The court based its ruling in part on the U.S. Supreme Court’s 1980 decision in Stone v. Graham, which struck down a similar Ten Commandments law in Kentucky, in part because it had no secular legislative purpose. The appeals court found that Supreme Court decisions since then that have been seen as expanding the promotion of religion in public schools did not overrule Stone.
In agreeing that the Louisiana statute doesn’t have a secular purpose, the judges pointed to signs indicating that the House Bill 71 has religious purposes. According to the plaintiffs quoted in the opinion:
HB 71’s primary author and sponsor stated during a legislative debate: “It is so important that our children learn what God says is right, and what he says is wrong, and to allow [the Ten Commandments] to be displayed in our classrooms as a visual aid, I believe, especially in this day and time is so important.”
That legislator also stated: “You know, not all children ... are taught right from wrong. ... But I believe when I went to school, I learned ... to know there was a God by reciting the Ten Commandments ... . I knew what God said was right, and what he said was wrong, ... not all of us were taught that.”
Another sponsor of the bill claimed that those opposing the legislation were engaged in an “attack on Christianity” and suggested that posting the Biblical passage would serve as a counterbalance to secular education: “My wife is a Christian and if she was a teacher she would be asked to teach evolution which is in complete contradiction with the theory of creation that we believe out of the Bible. ... I am a parent and am asking for this [bill].”
In light of the legislative history, the judges found that a lower court did not err in finding that the purpose of the bill was to advance a religious viewpoint and that a “religious objective permeated the government’s action.”
What’s happening in Arkansas and Texas
With support from the American Civil Liberties Union and other organizations, a group of parents challenged Arkansas’s Ten Commandments legislation earlier this month in the U.S. District Court for the Western District of Arkansas.
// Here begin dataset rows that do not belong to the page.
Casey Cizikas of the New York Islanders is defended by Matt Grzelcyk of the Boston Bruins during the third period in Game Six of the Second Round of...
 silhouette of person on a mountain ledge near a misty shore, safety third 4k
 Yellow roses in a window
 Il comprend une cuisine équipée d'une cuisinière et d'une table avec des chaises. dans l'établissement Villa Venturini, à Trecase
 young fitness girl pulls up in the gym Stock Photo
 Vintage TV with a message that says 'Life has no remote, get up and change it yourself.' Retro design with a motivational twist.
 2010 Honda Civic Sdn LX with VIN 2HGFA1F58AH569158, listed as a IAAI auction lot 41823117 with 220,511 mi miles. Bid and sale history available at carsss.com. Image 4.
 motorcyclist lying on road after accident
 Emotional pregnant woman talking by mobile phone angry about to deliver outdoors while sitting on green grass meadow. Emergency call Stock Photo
In Stinson v. Fayetteville School District, the parents claim that the Arkansas law, known as Act 573, “simply cannot be reconciled with the fundamental religious-freedom principles that animated the founding of our nation.”
Like the plaintiffs in the Louisiana case, the Arkansas plaintiffs claim that the new law has a religious purpose:
The state’s main interest in displaying the Ten Commandments in public schools under Act 573 is to impose religious beliefs on public-school children, regardless of the harm to students’ and families’ religious freedom. As one Arkansas legislator proclaimed in defending the school scriptural displays: “I think that anything we can do to try to increase access to or spread that gospel ... would be something that I would want us to do as a person of faith.”
The ACLU also says it plans to sue over similar legislation passed in Texas in late May and signed by the governor today.
The new Texas law “is religiously coercive and interferes with families’ right to direct children’s religious education,” the ACLU said shortly after the legislative action.
Abbott announced the signing in a press statement today listing hundreds of bills that he had signed. He did not call extra attention to the Ten Commandments bill but has long been an advocate of such a proposal.
The governor’s announcement also said he had signed Senate Bill 11, which allows schools to provide students and employees a “period of prayer and reading of the Bible or other religious text” outside of instructional time. Students would need parental permission to participate, and the religious text could not be read over a public address system.
The case is named after the Rev. Darcy Roake, one of the plaintiffs; and Cade Brumley, Louisiana’s superintendent of public instruction. The list of plaintiffs includes parents and children from several religious traditions or none, while various education board members are also included as defendants.